I have seen a few examples of batch processing CSV files and they often get things wrong by processing the entire CSV file into an array at the start of the batch process. In the examples seen here we will process the CSV using the file pointer functions built into PHP and use the finished property to inform Drupal that the file has finished processing.

The CSV File

This is the CSV file that we will use in the examples below. This CSV file contains a random text for a title in column 1, and a random sentence in column 2.

jcDBBwa4tjlCOWv,"Ille ludus paulatim quia saepius sit tincidunt."
rFm8ZPDkeyV39rt,"Conventio decet molior nisl ratis sagaciter sudo suscipit typicus venio."
v5At5x5fYL38dh8,"Magna melior odio quae."
g3Wx7mESABwh5ap,"Caecus consequat cui esse gemino gravis hendrerit nostrud probo quibus."
zRz0gHbRsTl3EXv,"Haero refero te."
rlCXRe5zoxBSZLM,"Erat interdico molior qui."

We will be generating pages of the Article content type, which we get with the standard install profile in Drupal. Column 1 will be used for the title of the Article and column 2 will be used for the body copy of the article.

The File Upload Form

In order to allow our users to upload a CSV file we need to create a file upload form that will then trigger a batch run.

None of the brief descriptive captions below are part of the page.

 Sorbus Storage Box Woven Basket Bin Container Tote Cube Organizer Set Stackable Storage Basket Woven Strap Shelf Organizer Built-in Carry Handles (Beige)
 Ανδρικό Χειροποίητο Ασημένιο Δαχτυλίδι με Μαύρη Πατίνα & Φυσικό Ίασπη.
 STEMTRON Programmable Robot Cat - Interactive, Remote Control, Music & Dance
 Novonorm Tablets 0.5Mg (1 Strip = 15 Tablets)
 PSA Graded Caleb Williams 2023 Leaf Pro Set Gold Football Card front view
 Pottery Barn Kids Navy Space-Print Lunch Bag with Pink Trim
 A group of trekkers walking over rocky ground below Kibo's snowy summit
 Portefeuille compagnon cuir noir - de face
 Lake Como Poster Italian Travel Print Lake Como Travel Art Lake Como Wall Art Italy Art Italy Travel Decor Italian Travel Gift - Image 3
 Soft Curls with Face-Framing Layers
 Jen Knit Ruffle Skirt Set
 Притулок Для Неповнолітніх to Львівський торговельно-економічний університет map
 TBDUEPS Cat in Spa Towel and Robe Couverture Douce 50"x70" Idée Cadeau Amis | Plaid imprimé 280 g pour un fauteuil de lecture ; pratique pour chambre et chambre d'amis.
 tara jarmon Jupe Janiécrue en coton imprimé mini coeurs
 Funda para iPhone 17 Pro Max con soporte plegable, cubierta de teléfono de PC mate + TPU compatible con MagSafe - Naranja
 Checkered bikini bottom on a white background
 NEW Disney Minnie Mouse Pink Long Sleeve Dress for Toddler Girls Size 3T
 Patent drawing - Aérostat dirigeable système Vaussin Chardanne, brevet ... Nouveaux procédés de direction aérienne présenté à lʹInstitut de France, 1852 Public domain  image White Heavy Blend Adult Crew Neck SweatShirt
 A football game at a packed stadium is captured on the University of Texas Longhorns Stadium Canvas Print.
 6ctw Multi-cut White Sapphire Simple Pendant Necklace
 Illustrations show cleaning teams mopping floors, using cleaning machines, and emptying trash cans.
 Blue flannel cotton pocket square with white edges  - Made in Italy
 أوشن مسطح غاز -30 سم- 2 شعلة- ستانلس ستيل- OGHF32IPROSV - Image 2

Here is the form definition class and the buildForm() method. The form itself consists of a "file" field where we can upload our CSV file, and a "submit" field where we can submit the form.

<?php

namespace Drupal\batch_csv_example\Form;

use Drupal\batch_csv_example\Batch\BatchClass;
use Drupal\Core\Batch\BatchBuilder;
use Drupal\Core\Form\FormBase;
use Drupal\Core\Form\FormStateInterface;
use Drupal\Core\Url;
use Drupal\file\Entity\File;

class BatchForm extends FormBase {

  public function getFormId() {
    return 'batch_csv_example';
  }
  
  public function buildForm(array $form, FormStateInterface $form_state) {
    $form['csv_file'] = [
      '#type' => 'file',
      '#title' => $this->t('The CSV file to process'),
    ];

    $form['actions'] = [
      '#type' => 'actions',
      'submit' => [
        '#type' => 'submit',
        '#value' => $this->t('Run batch'),
      ],
    ];

    return $form;
  }
}

When the form is submitted we first trigger the validateForm() method, which is where we can copy the file from the request into temporary storage. The copying of the file data from the request is done using the file_save_upload() function, which is part of the Drupal file system. We include the FileExtension validator as the second parameter to ensure that the file uploaded is a CSV file.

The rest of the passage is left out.